Common indicators that someone may be struggling include:
- Loss of interest in activities they once enjoyed.
- Social withdrawal.
- Irregular sleep patterns.
- Decreased personal hygiene.
- Increased substance use.
- Extreme mood swings.
- Expressions of feeling like a burden.
- Feelings of hopelessness or thoughts of self-harm.
When these signs appear, experts recommend addressing them through open dialogue.
Preparing for the Conversation
Before you approach someone you think may be in crisis, it's wise to arm yourself with knowledge. Resources from organizations such as the National Alliance on Mental Illness, The Trevor Project, and the American Psychological Association can provide valuable insight. Additionally, the national suicide and crisis lifeline, reachable by calling or texting 988, offers guidance for initiating these sensitive conversations. Tia Dole, who oversees the lifeline, notes, “We get more than 10 million calls, chats, and texts a year, and a lot of those are actually people just looking for resources for someone in their life that’s struggling.”
How to Initiate the Conversation
According to Alex Boyd, director of crisis intervention at The Trevor Project, a suicide prevention hotline for LGBTQ+ youth, there are four essential steps for starting this conversation:
- Begin with an open-ended question that acknowledges behavioral changes. For instance, “I noticed you haven't been showing up to (the space we share) recently. I want to check in. What's going on?”
- Express genuine care and concern for the person.
- Inquire about their experience. “What's been going on for you that has led you to (name the change in behavior)? What are you concerned about?”
- Address the possibility of suicidal thoughts directly. Ask, “Are you having thoughts of suicide or self-harm?”
It’s essential to focus on supporting them, rather than attempting to diagnose or treat.
Addressing Suicide Openly
Many people fear that discussing suicide may plant the idea in someone's mind, but experts refute this notion. Directly asking someone if they have plans to harm themselves is vital. If they do have a plan, Boyd suggests saying, “What would lead you to actually take that step? Because that sounds scary. I don’t want that to happen.” If someone is in immediate danger, it’s crucial to seek professional help right away, ideally in collaboration with the individual in crisis.

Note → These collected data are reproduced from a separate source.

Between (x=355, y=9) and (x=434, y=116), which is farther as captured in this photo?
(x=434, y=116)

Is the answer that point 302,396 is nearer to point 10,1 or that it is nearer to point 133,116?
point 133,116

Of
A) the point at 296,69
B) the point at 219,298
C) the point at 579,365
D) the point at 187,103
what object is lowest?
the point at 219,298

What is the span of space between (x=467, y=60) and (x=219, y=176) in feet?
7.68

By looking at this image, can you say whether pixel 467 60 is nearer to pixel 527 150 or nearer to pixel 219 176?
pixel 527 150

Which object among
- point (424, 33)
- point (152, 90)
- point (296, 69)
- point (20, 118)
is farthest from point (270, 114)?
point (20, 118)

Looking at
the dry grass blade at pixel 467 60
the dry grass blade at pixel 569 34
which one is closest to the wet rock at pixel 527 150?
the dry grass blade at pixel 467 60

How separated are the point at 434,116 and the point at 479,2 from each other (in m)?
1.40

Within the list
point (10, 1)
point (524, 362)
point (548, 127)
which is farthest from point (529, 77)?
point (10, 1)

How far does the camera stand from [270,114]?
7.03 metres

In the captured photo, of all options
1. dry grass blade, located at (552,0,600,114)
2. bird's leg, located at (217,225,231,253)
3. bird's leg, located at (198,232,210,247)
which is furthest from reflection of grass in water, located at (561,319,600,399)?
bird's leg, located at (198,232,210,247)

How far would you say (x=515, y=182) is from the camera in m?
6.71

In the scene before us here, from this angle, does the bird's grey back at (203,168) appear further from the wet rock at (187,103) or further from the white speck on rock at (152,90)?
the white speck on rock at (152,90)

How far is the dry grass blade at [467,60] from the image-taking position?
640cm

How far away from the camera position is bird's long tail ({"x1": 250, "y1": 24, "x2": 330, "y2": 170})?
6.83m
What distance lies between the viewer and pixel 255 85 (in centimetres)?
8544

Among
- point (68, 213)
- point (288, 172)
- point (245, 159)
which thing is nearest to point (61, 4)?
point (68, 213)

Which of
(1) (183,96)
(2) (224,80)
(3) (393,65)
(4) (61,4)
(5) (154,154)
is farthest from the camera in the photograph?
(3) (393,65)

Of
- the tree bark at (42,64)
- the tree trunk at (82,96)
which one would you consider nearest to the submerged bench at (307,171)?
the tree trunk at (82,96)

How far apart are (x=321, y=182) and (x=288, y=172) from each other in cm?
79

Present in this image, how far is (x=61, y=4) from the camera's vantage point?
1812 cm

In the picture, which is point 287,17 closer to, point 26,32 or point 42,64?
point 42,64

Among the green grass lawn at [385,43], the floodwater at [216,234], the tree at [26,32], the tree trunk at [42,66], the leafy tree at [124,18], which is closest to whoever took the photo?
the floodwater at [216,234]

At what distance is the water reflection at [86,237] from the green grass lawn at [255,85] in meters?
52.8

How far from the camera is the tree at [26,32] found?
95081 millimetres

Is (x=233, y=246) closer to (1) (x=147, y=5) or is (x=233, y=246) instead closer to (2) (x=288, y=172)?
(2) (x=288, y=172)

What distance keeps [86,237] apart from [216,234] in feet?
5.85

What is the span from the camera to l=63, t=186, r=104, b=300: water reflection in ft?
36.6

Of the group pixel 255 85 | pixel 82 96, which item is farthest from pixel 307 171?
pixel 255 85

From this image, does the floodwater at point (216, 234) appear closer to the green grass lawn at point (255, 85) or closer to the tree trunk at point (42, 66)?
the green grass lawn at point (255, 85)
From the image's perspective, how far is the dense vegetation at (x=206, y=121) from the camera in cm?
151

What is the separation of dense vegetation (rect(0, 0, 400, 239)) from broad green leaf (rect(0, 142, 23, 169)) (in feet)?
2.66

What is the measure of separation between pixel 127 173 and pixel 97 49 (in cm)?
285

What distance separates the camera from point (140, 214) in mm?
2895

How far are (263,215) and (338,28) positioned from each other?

Resources such as calling 988 or other helplines can connect you with crisis intervention teams, while 911 or an emergency room can be options as well. However, it’s important to note that not all emergency personnel are trained in mental health interventions.
The Importance of Ongoing Support
Engaging in a conversation is only the first step in addressing mental health crises. Understanding the cultural stigmas and barriers that may exist is critical. Dole advises against using clinical terms like “depression” or “anxiety” too early, as this may shut down communication. For some, it might take multiple attempts to open up.
Creating a relaxed atmosphere for discussion through “parallel activities,” such as walking or driving, can alleviate pressure. It’s important to validate the person’s feelings without minimizing their experiences. Sharing your own struggles can be beneficial, but the focus should remain on the person in crisis.
Long-Term Care and Compassion
Supporting a loved one through their mental health journey can be a lengthy process filled with challenges. Access to appropriate care may be complicated by factors such as insurance, location, or personal identity. As Dole points out, “Getting help—the traditional, clinical help—is really hard. It takes perseverance to find a clinician.”
It’s also essential to explore non-medical resources like community centers and faith-based organizations. Finally, remember that a loved one’s mental health challenges do not define them. “Being suicidal or having a mental health crisis does not diminish who they are as your loved one,” Dole affirms. “They're still them.”